Figures announced
this week show a rise in the level of unemployment, with young people being
particularly hard hit. The government has responded in the way that all
governments do, by talking about ‘helping more people into work’ (often a
euphemism for cutting benefit payments) and inventing more, sometimes dubious, apprenticeships as a back door way of subsidising employers. The opposition has
responded in the way that all oppositions do, by blaming government policies,
especially those relating to wages, tax and regulation. The assumption
underlying both of those positions – even if it drives them to propose
different solutions – is that rising unemployment is a cyclical problem, which
will be resolved if only we can get that magical growth they keep talking about.
It’s possible that they’re right; but it’s also
possible that they’re wrong. What if, rather than growth and innovation solving
the issue, that same growth and innovation, powered perhaps by AI, compounds
it? There is a certain complacency surrounding that question. In a sense, it’s
entirely natural – history shows us that the initial response to innovation and
increased productivity is a loss of some jobs, which is usually followed by the
appearance of new jobs, sometimes of a type and nature which nobody had
foreseen. Maybe the same will be true of AI, and it’s overly pessimistic to
believe that the job losses will be more permanent and generalised than we’ve
seen in the past. It’s clear that the workers likely to be displaced by AI will
include those in more technical and high-paid jobs than previous rounds of
innovation, but the fact that the nature of any resultant replacement jobs is
not currently clear doesn’t mean that there won’t be any.
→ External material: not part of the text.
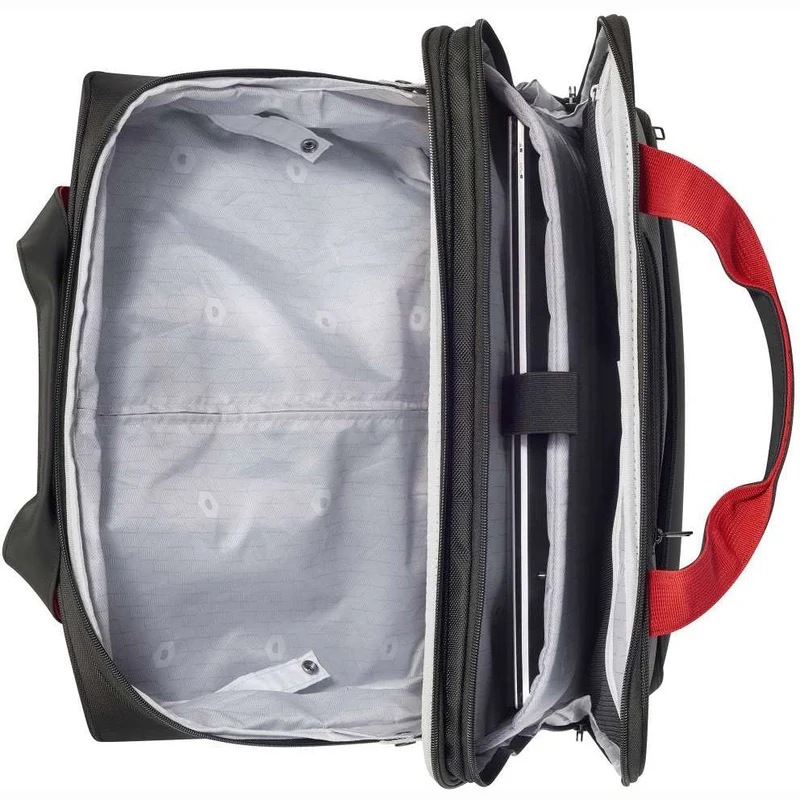 Delsey Paris Parvis Plus - Trolley de negocios con 2 ruedas 44 cm (schwarz)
But the statement
that ‘there always have been’ in the past can’t be taken as a certainty for the
future either.
One junior minister in the UK government has already suggested
that part of the response to the growth of AI might be the introduction of some
sort of Universal Basic Income (UBI), although even he seems to be talking abut
it as a temporary response, allowing people to retrain for the jobs of the
future, whatever they may be. And there’s no doubt that any sort of UBI would
be enormously
expensive: even an income set at the less than adequate level of Universal
Credit would be likely to carry a price tag of some £200 billion per annum. But
what is the alternative that those objecting to the cost would propose in a
situation where most work is done by automatons or AI? Are those people who
have been displaced to be treated as disposable, and left without food or
shelter as a result, whilst those lucky enough to still have work continue to
live as normal (and those who own the machines and the software continue to accumulate
wealth well beyond their capacity to spend it)?
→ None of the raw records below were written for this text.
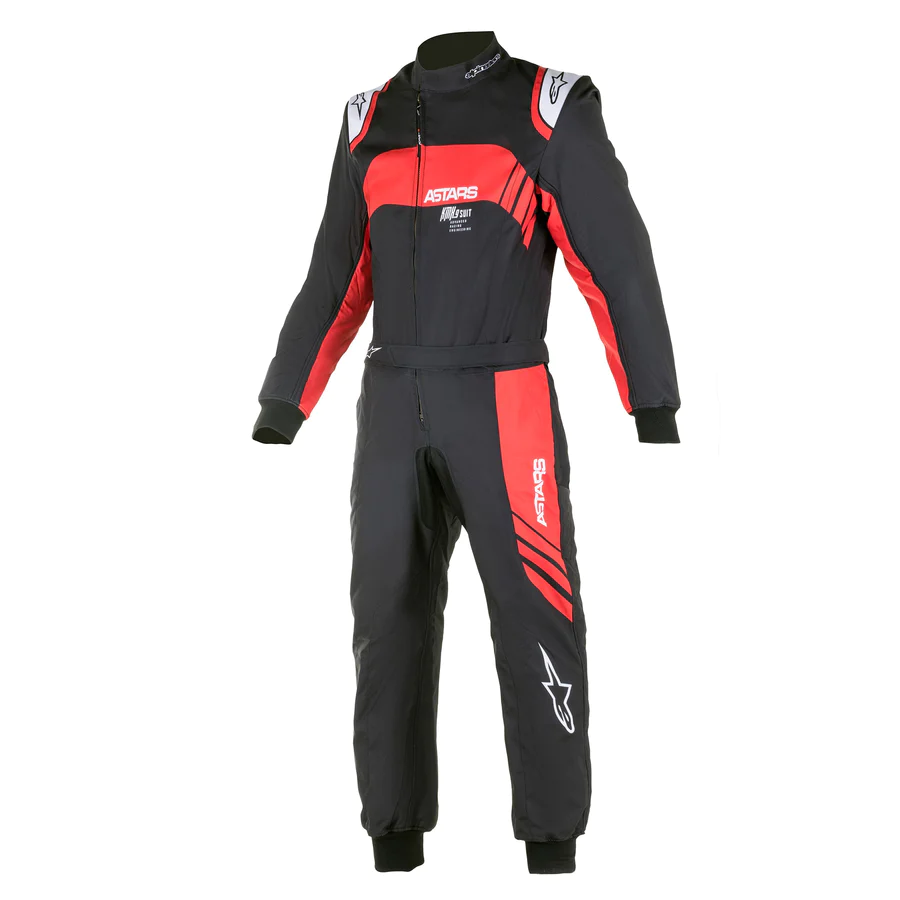 KMX-9 V2 YOUTH GRAPHIC 3 SUIT - Black/Red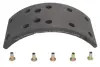 Колодки тормозные ROULUNDS BRAKING 001682N20A4 (фото 1)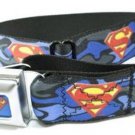 Superman Blue Camouflage -  Seatbelt Belt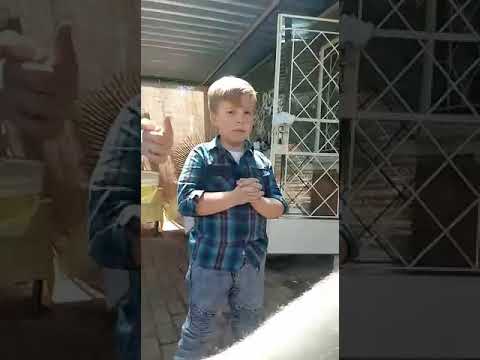 FUNNY AFRIKAANS KID MAKES A JOKE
It’s a scenario which raises questions about what an
economy is for. Forget ‘invisible hands’ and market spirits – an economy is a social
construct, and it’s up to the society in which it operates to determine how it
works, who benefits from economic activity, and by how much. If an economy
cannot supply at least the basic needs of all the people in that society, than
it’s not performing its social function. From that perspective, tax is not some
burden placed unfairly on those who own the capital or provide the labour, it
is merely the mechanism by which the outputs of economic activity are used for
the benefit of all. It is, in its very essence, a mechanism for redistribution.
For the last four or five decades, we’ve increasingly lost sight of that and
allowed the economy to be captured by a few, and corrupted to serve only their
interests. If the resulting gross inequality hasn’t been enough to force a
rethink, perhaps the impact of AI will be.